As employers grapple with controlling costs in a post- healthcare reform environment, they’re considering a variety of ideas to help them deliver the same quality health insurance to employees. The concept of limiting coverage of spouses through the implementation of a surcharge or waiver program has been talked about for years. Now, businesses are actually doing it. This is a microcosm of the employee benefits environment where employers are considering every possible cost-control strategy.
The idea has been gaining traction in the months since United Parcel Service decided to stop paying for the benefits of employees’ spouses.i
So here’s the big question: if a business doesn’t adopt these strategies, will it be way behind the curve? There are competing considerations. Depending upon the industry, being an employer of choice is critically important for attracting talent in order to make the firm succeed. That might lead to a decision to forego spousal surcharges and waivers. However, employers who choose not to implement restrictions on spouses could suddenly find they are paying for a significantly higher number from other employers.
Before we get too far into this, let’s define spousal coverage programs, a term which actually encompasses a number of variations designed to safeguard the employer’s cost structure by placing new parameters on the health insurance provided to the family members of employees. These provisions limit access to a plan when an employee’s spouse works for another business that offers health insurance.
There are several ways this can manifest. Employees are required to pay a higher cost-share or surcharge. Or the employer institutes a waiver credit, which provides a payment to an employee in exchange for waiving coverage for a wife or husband. Sometimes, an employer will outright exclude spouses from coverage under a group employee benefits plan if similar coverage is available from the spouse’s employer.
Regardless of the approach, employers need to perform due diligence to understand the risk/reward of implementing these programs. Something that should not be overlooked is that there will almost certainly be some aggravation for both the employer and employee. To that end, employers should start first by simply capturing the data:
- How do the claims of the spouses compare to those of employees?
- How many covered spouses can obtain coverage through their own employers?
- What is the competition doing?
- Does a spousal surcharge or waiver program affect employee recruitment and retention goals?
Employers need to consider how aggressive they want be with these programs.

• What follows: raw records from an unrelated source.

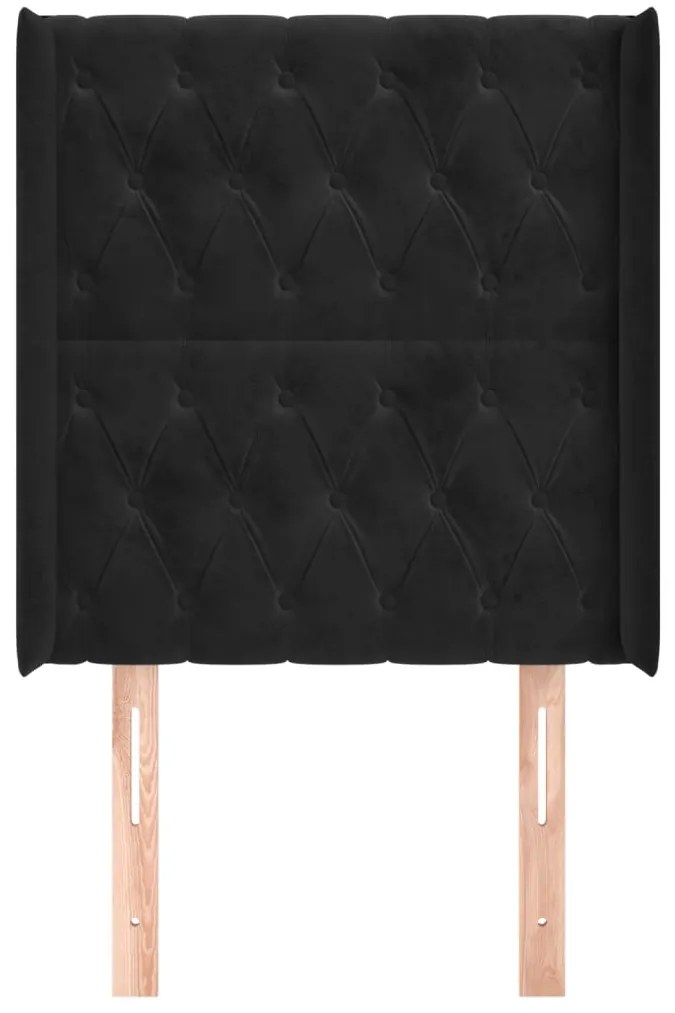 vidaXL Κεφαλάρι με Πτερύγια Μαύρο 83x16x118/128 εκ. Βελούδινο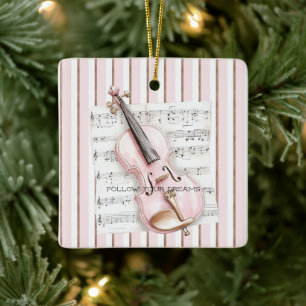 Pink Violin Music Sheet Ceramic Ornament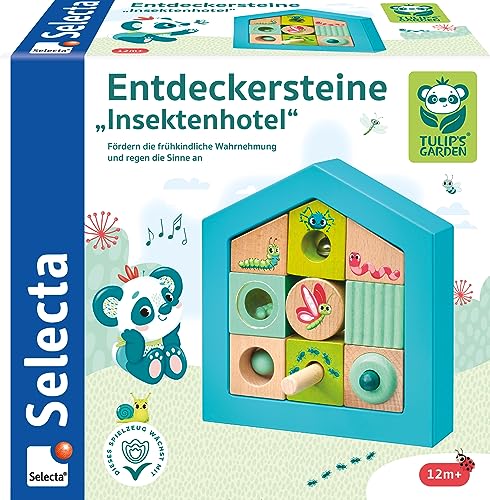 Selecta 62087 Tulips Garden, Entdeckersteine Insektenhotel, 11 Teile aus Holz von Selecta
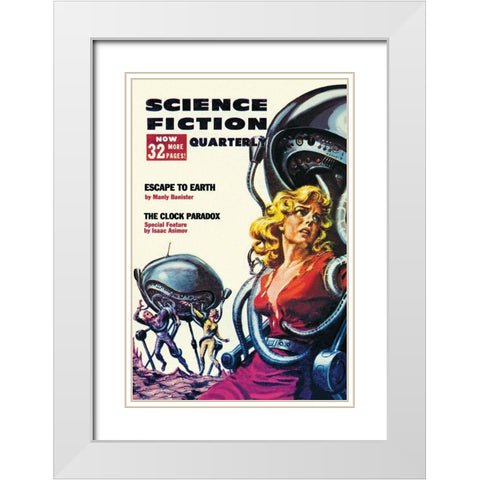 Science Fiction Quarterly: Robot Attack White Modern Wood Framed Art Print with Double Matting by Retrosci-fi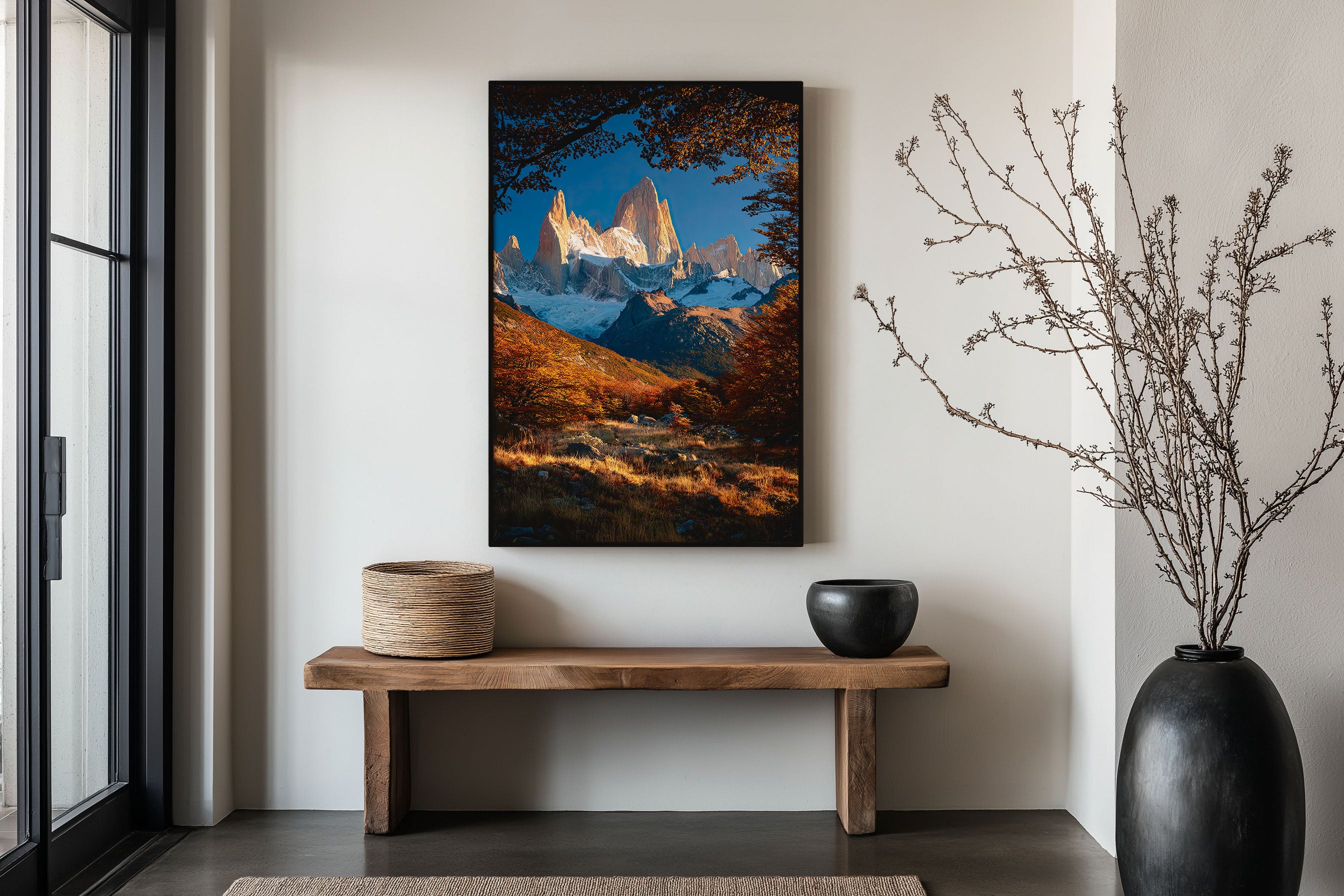 Mount Fitz Roy Print | Patagonia Peak Framed by Autumn Beech Trees | El Chaltén Argentina Wall Art | Hiking Photography Poster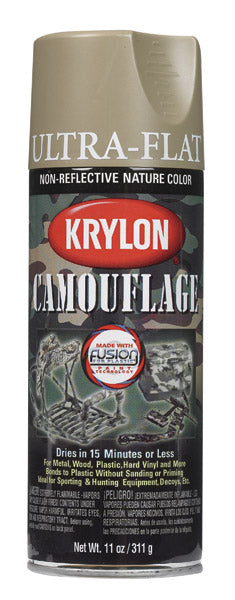 Krylon 4291 Camouflage Spray Paint, 11 Oz, Khaki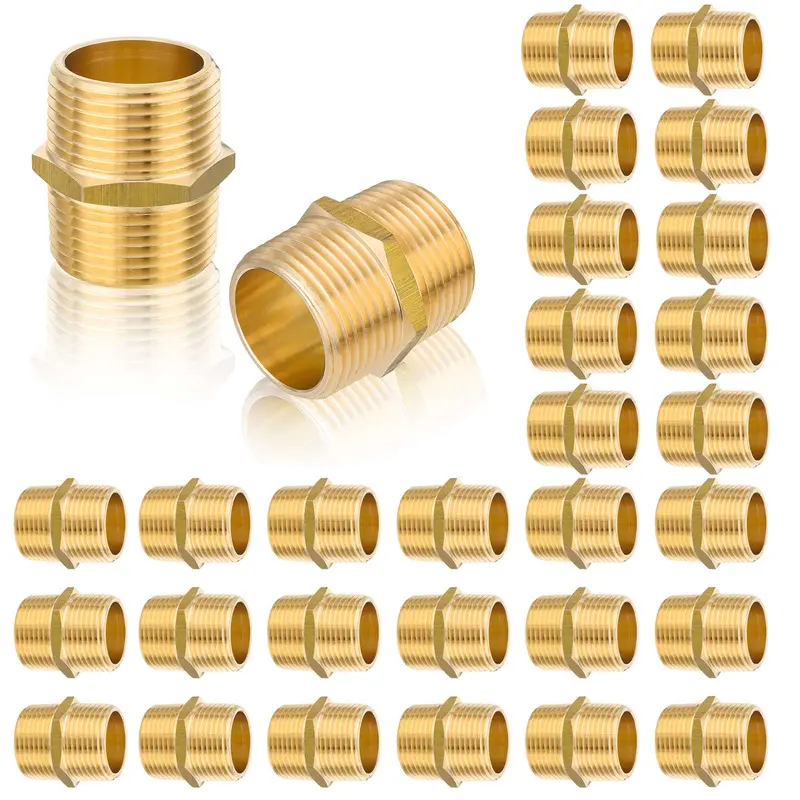 30-Pack 1/2-Inch Male Npt Brass Hex Connectors 1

Nobody wants to do them but, undeniably, it has become a viable option. Spousal programs are not a magic cost-savings bullet and employers should not automatically implement these restrictions simply because it’s the buzz in the industry.
The concept requires careful consideration and each employer’s situation is unique. However, it’s smart business to at least consider whether this is the right fit for your business.
iNew York Times, “UPS to End Health Benefits for Spouses of Some Workers.”